MWD data-based marble quality class prediction models were developed via the use of different supervised learning type classification modelling methods, LR and RF. MWD parameters were selected based on statistical evaluations and used as independent variables. The RF model provides higher accuracy, precision, recall and F-score than the LR model. The constructed RF model can be used as reliable tool for the preliminary prediction of quality class of marble.
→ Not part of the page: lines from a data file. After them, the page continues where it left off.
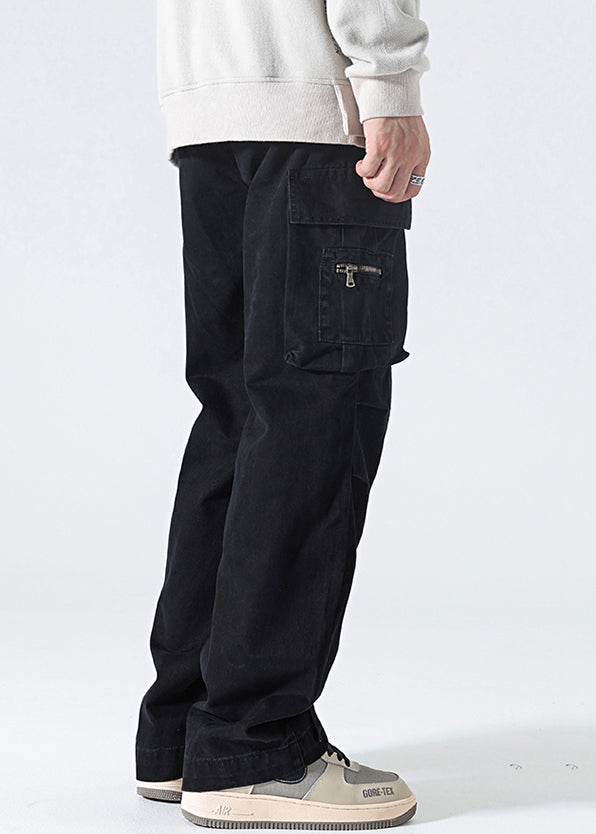 Mens Modern Spring Grey Pants Pockets Cotton Waist High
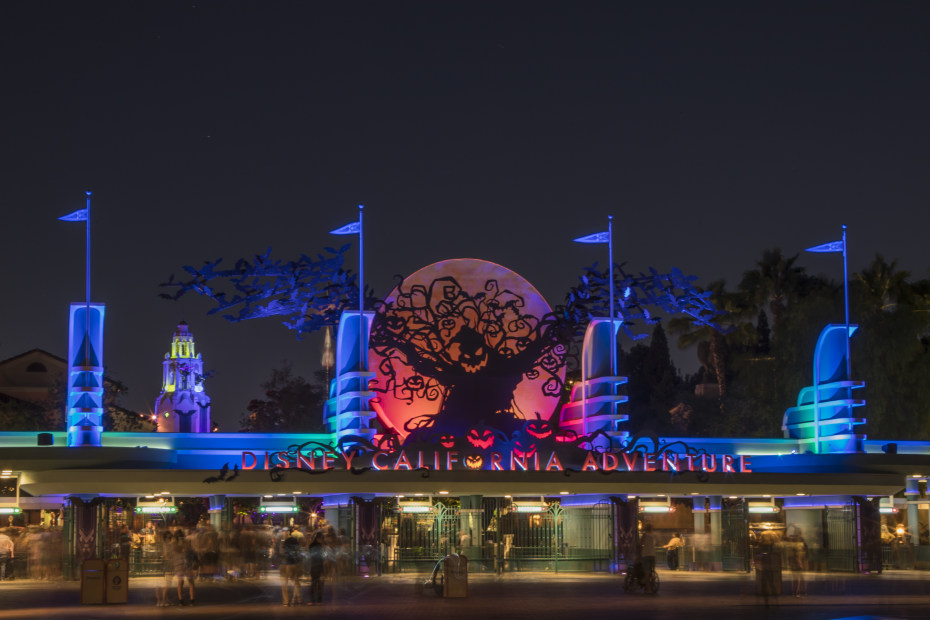 picture of the entrance to Disneyland California Adventure at night during Halloween Time
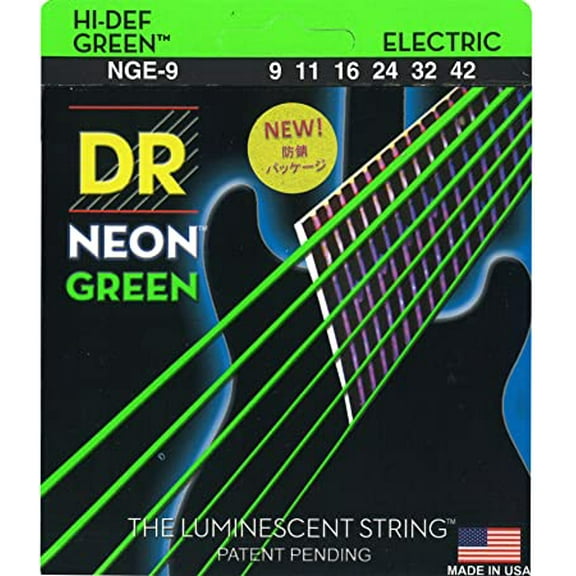 HI-Def Neonâ„¢ - Green Colored Coated Nickel Electric Guitar Strings: Light 9-42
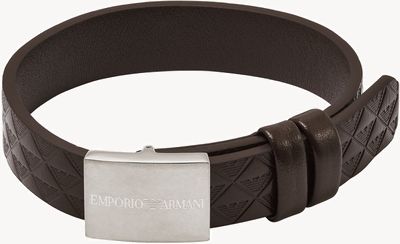 Emporio Armani Men's Brown Leather and Stainless Steel Bracelet EGS3135040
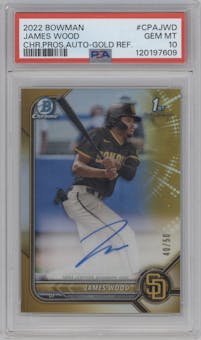 James Wood from the 2022 Bowman set featuring a Gold Refractor  parallel graded by PSA and given an overall grade of 10.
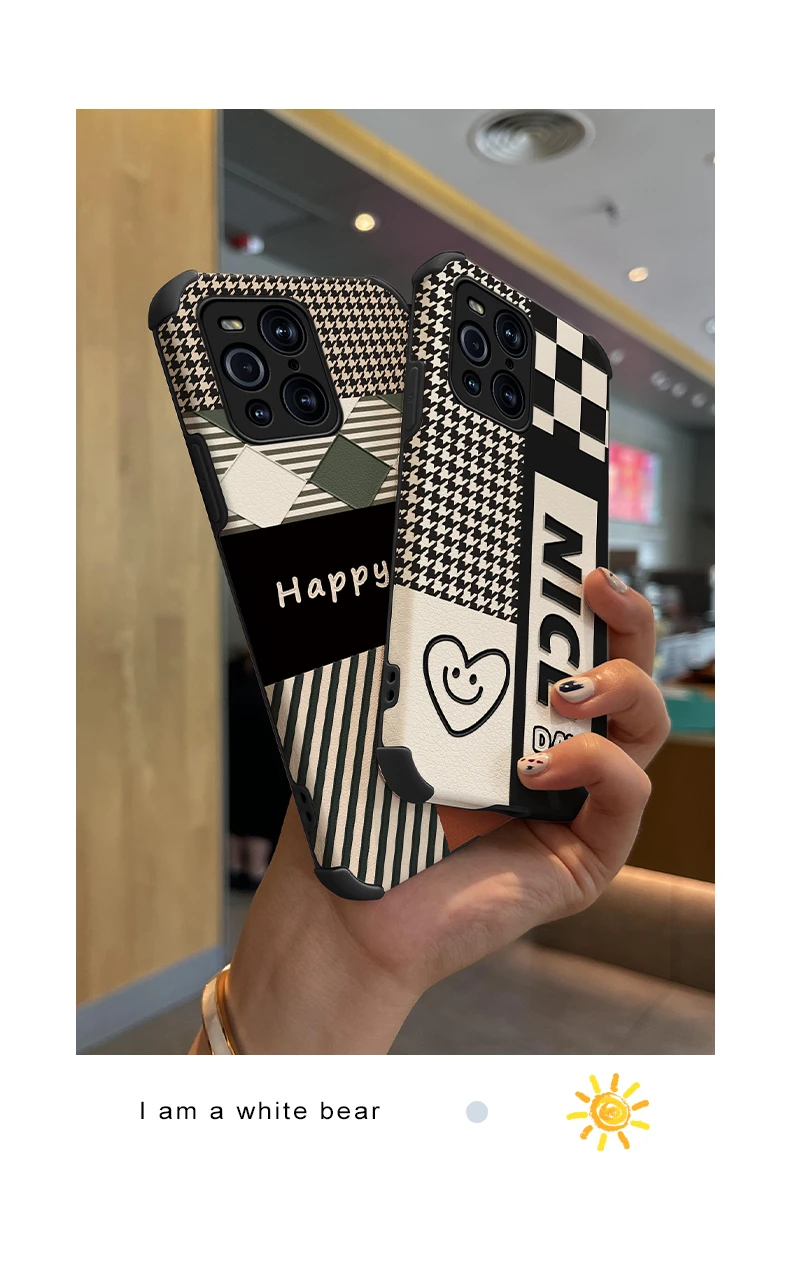 ASINA Imitation Lambskin Case For OPPO Find X5 X3 X2 Pro A73 A92 A53 Cute Cartoon Geometric Cover For Reno 7 6 5 4 3 2 Pro oppo phone cover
The suggested RF model allows quality assessment and provides high-resolution quality data that can be used by geostatistical methods as valuable input to create a quality block model for efficient production and blending plans. The predicted classes can potentially be used in an indicator kriging approach, where each predicted class is transformed into a binary class to evaluate the portion of the blast or the SMU above some quality. Such block model may help the mine for a more accurate definition of SMU boundaries to reduce production and ore loss and to improve and strengthen the blending plans. This way, the productivity will enhance and contribute to SDG 12, the responsible consumption and production pattern.

As proved by the statistical performance indicators, the suggested models are reliable and accurate; however, it is always possible to improve model performance by adding new data representing a broader range of the geology in the studied mine. For other mines in a similar situation, the presented methodology can be followed to improve production efficiency and reduce production loss.